La photographie, pratique physique ou spirituelle ?

Où situes-tu la photographie (j’entends ici, celle que tu pratiques) par rapport au corps et à l’âme (ou l’esprit, pardon pour cette grandiloquence) ?

En travaillant sur l’Odyssée, j’ai découvert que je me sens assez proche de certaines conceptions de la Grèce archaïque. La psyché (l’âme, le souffle) anime le corps, fait la beauté, la force et le charisme de l’individu. Lorsque l’on meurt, elle se détache et rejoint les Enfers, le lieu des morts. Celui-ci est sans intérêt, infiniment fade comparé à la vie. Il n’y a pas d’au-delà, pas de jugement dernier, d’enfer ou de paradis. Tout est là, ici-bas. L’esprit est dans la matière, et sans matière il n’est plus. Là où je me distingue de ces conceptions antiques, c’est que je ne crois pas au(x) dieu(x) ou à un ordre du cosmos.

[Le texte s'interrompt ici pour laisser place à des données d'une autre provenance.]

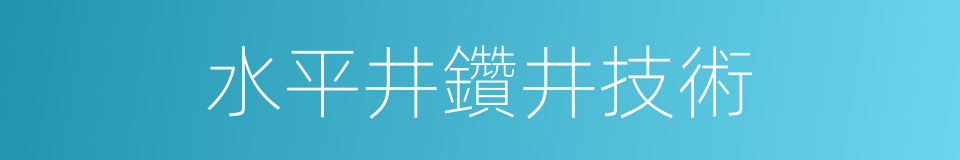 水平井鑽井技術的同義詞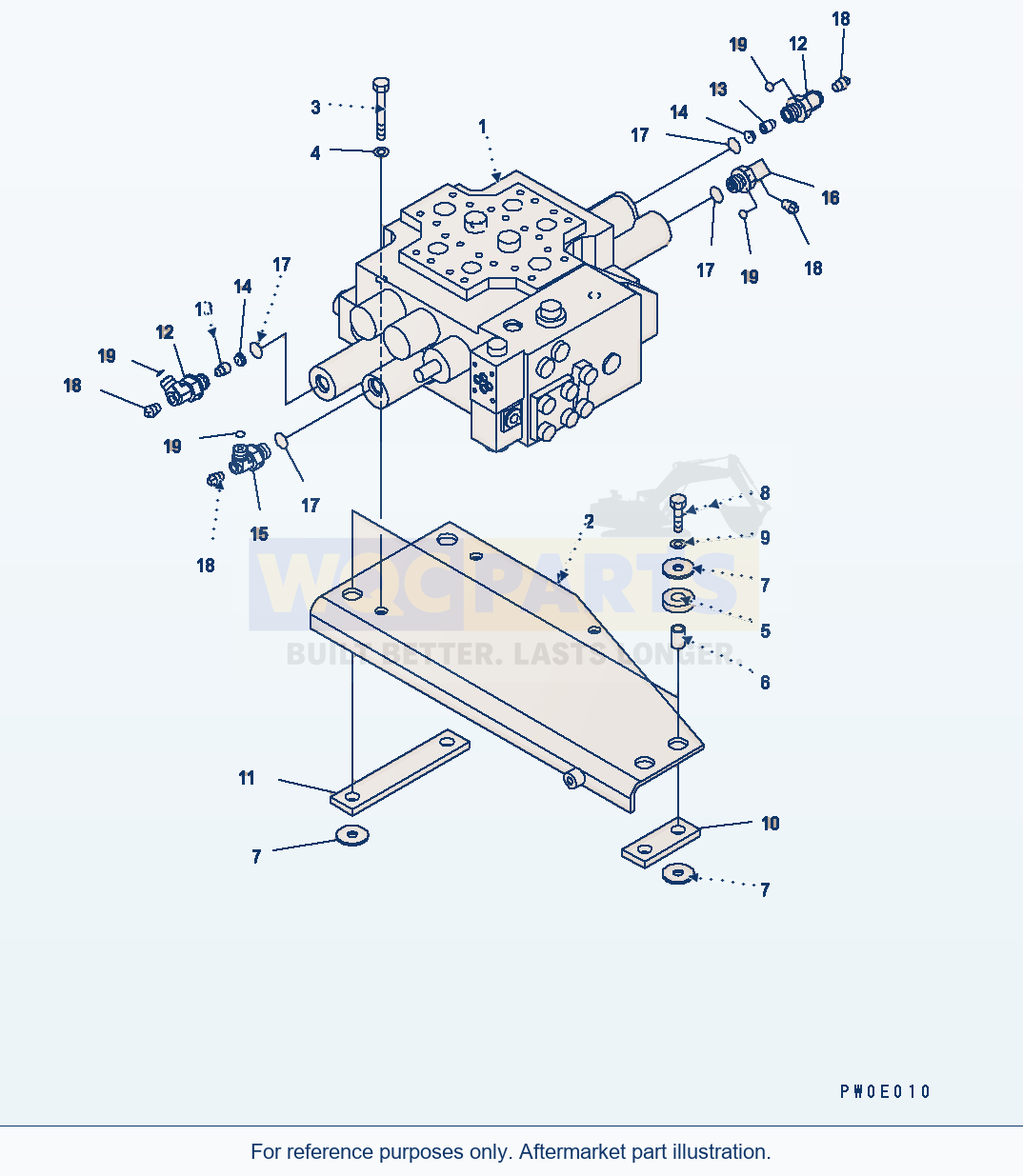 Komatsu WA380-5 Main Valve (With P.P.C Valve) parts diagram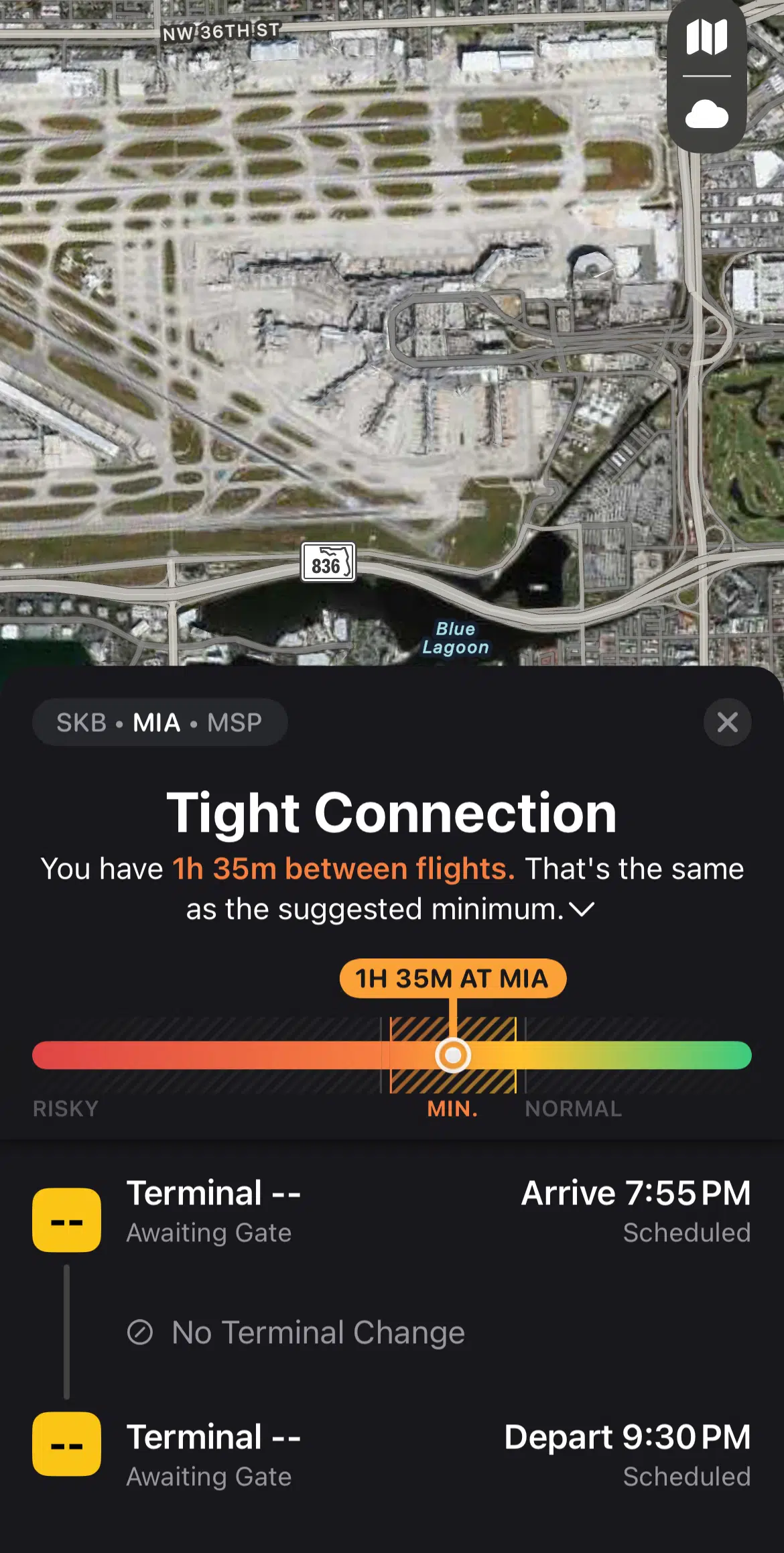 Tight connection screenshot on Flighty Pro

Le monde est. La vie est. Et ils n’ont pas de sens a priori.
A un moment donné, j’ai choisi la photographie, et cette pratique me nourrit, enrichit mon rapport au monde et donne du sens à ma vie. Je la vois comme une expérience spirituelle. Je ne mets pas de majuscules ou de connotation religieuse à ces mots, que j’emploie au sens d’une pratique qui vise à transformer le sujet, son rapport au monde et à lui-même. La photographie pour moi est un mode de vie. Elle est intimement liée à ma vie. En photographiant, en faisant l’Odyssée, je vais voir le monde, voir ailleurs, hors de moi, si j’y suis, comment je suis, et comment sont le monde et les autres. Faisant cela c’est ma vie que j’invente, à laquelle je donne sens, je me fais un monde habitable, je tisse des liens avec d’autres, certains qui deviennent des amis. Et pour faire cela j’ai besoin de la photographie, de ma pratique singulière de l’image, qui est le moyen qui rend tout cela possible.

En effet j’essaye de faire des images qui ont du corps et une âme. Des images mentales, ou des portraits d’âmes incarnées, c’est-à-dire saisies dans la matière.